Friday, July 27, 2012

How to assemble the Voter ID Database

Here is a technical step by step for people who would like to assemble this data and do their own analysis.
  
This document is a step by step description of steps taken to join the voter files with the "no id" and
"expired id" files and produce the crosstabs.

The voter registration file is maintained by the City of Philadelphia and is a public document. We requested it from City Commissioner Stephanie Singer's office. Requestors must certify that it will not be used for commercial purposes like mailing lists. 
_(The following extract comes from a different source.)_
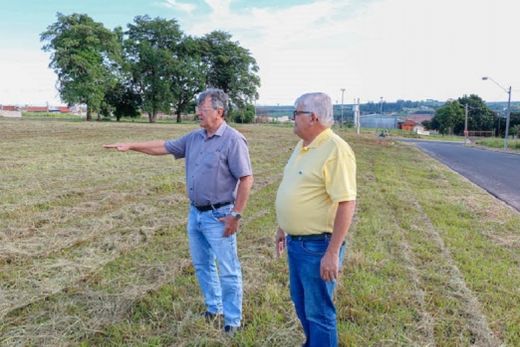 Cido Ferrari e Ademir de Souza, na área que receberá a ESF no Laranjeiras. Prédio terá 558,10 m² de área construída, em terreno que permite expansões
The "no id" and "expired id" files were provided by the Pennsylvania Secretary of State to city and county registrars last week. The contain the state voter number for everyone on the list and can be linked to the voter registration file.  These are also public documents and can be requested from the Secretary of State. 

This was done in Visual FoxPro 6.0 but these commands
would work in any SQL database with simple adjustments. I would encourage/beg others to create the database do the analysis for themselves.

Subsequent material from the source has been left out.